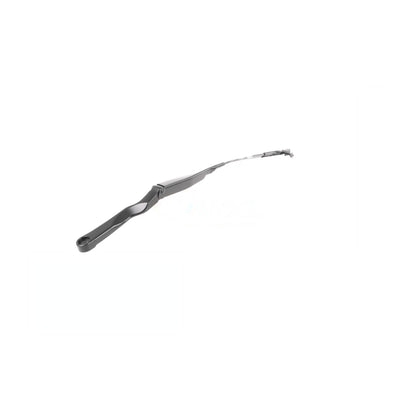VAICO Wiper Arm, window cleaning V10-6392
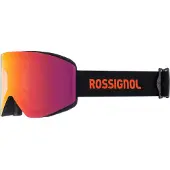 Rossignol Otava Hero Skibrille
════
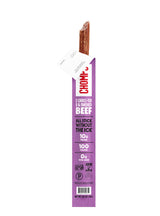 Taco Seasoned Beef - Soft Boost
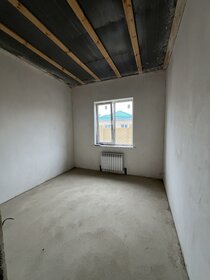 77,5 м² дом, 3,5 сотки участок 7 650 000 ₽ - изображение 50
════
**Task requirements:** Transcribe, from the material above, the stretch starting at the line with "Taco Seasoned Beef - Soft Boost" and ending at the line with "77,5 м² дом, 3,5 сотки", both included, exactly. Do not carry over pictures.

**Your solution:**
 Taco Seasoned Beef - Soft Boost
 77,5 м² дом, 3,5 сотки участок 7 650 000 ₽ - изображение 50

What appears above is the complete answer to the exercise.